§ WHAT IS REQUIRED:
Reproduce the listing below as it stands. Leave out each image.

§ DATA EXCERPT:
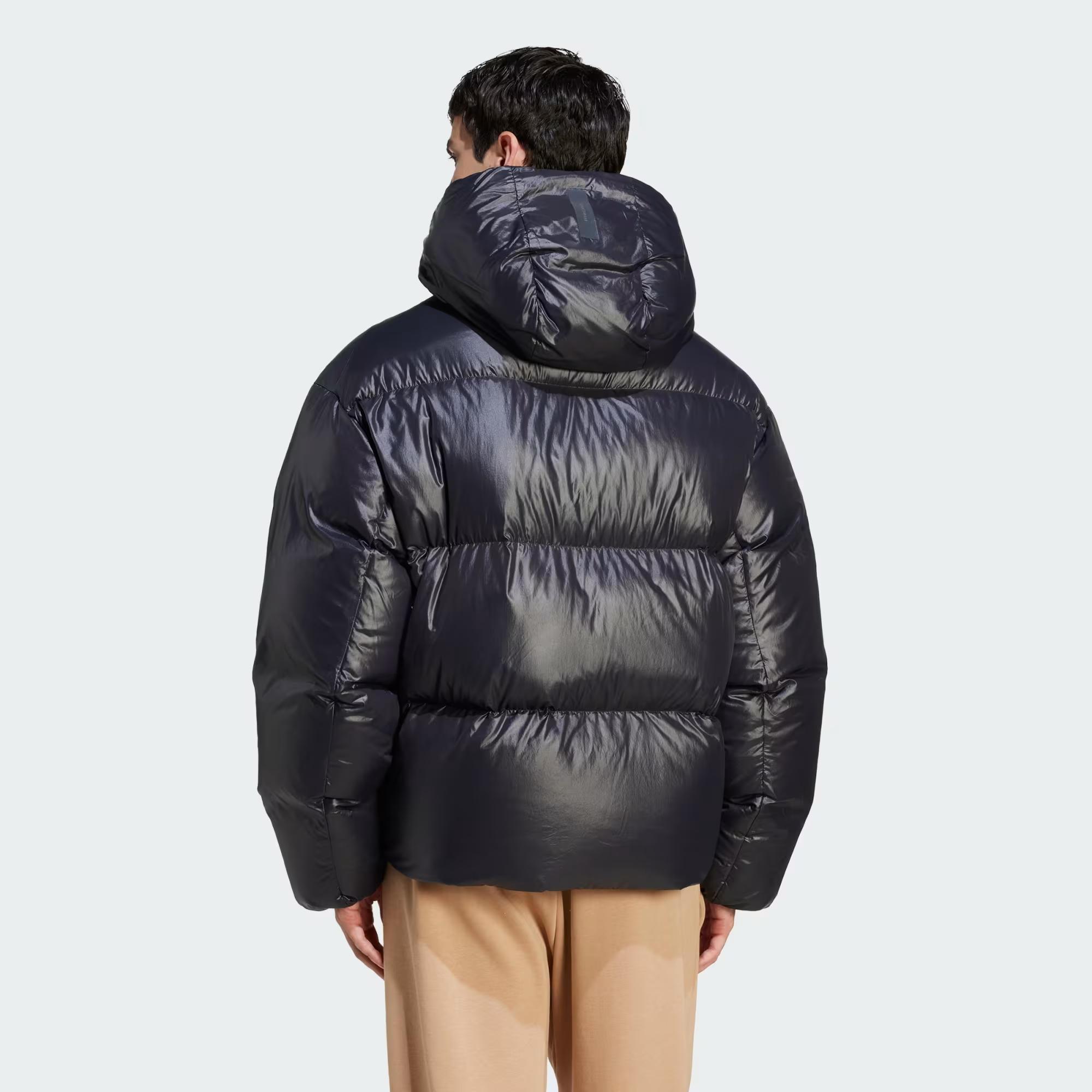 adidas Z.N.E. Puffer Climawarm Erkek Mont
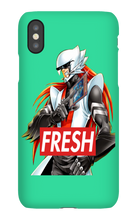 zenakuu2895 iPhone Phone Cases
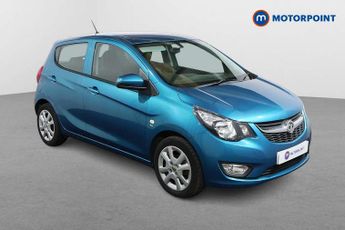 Vauxhall VIVA 1.0 [73] SE 5dr [A/C]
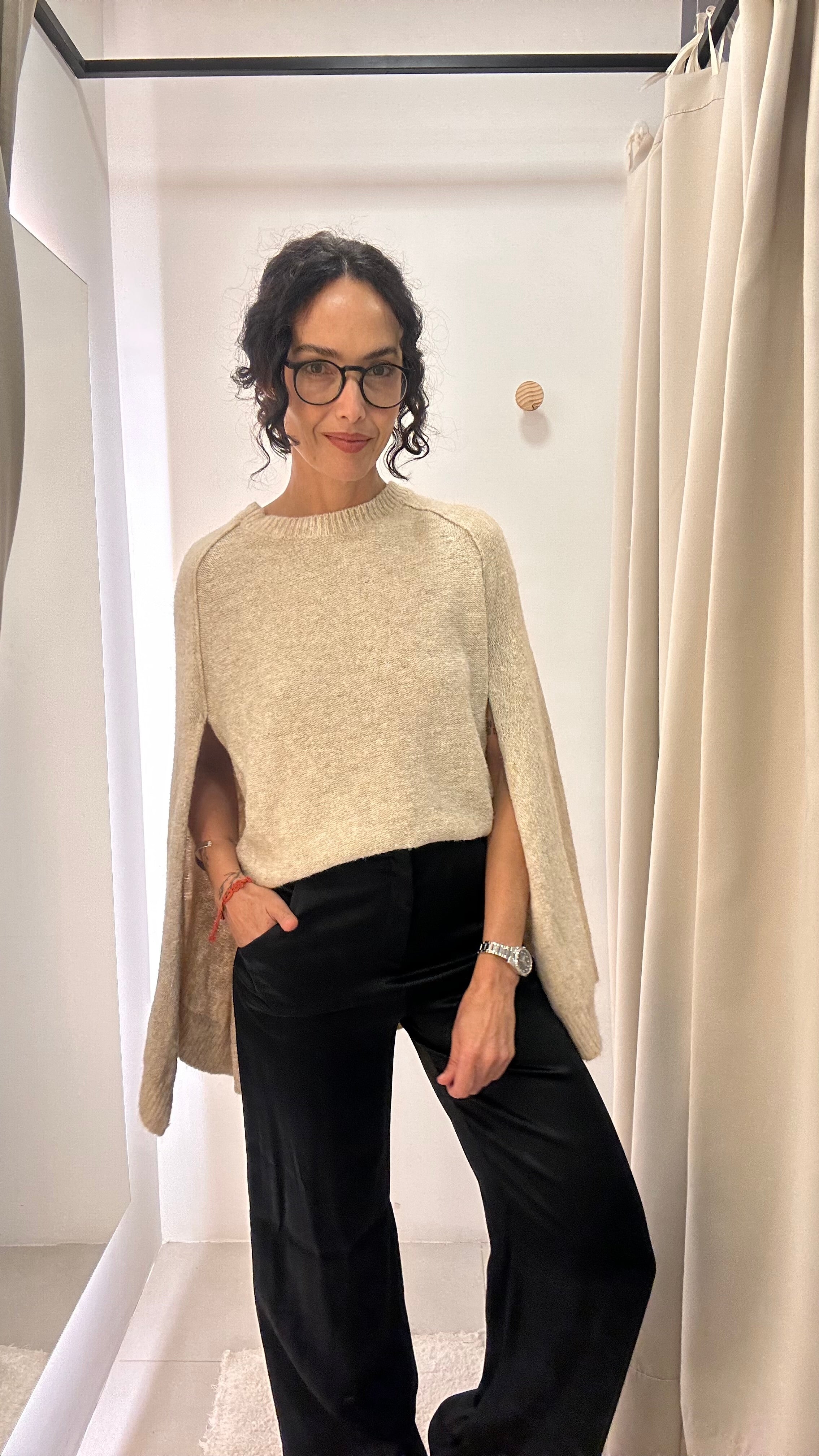 Capa tricot Biamar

§ RESPONSE TO THIS EXERCISE:
 adidas Z.N.E. Puffer Climawarm Erkek Mont
 zenakuu2895 iPhone Phone Cases
 Vauxhall VIVA 1.0 [73] SE 5dr [A/C]
 Capa tricot Biamar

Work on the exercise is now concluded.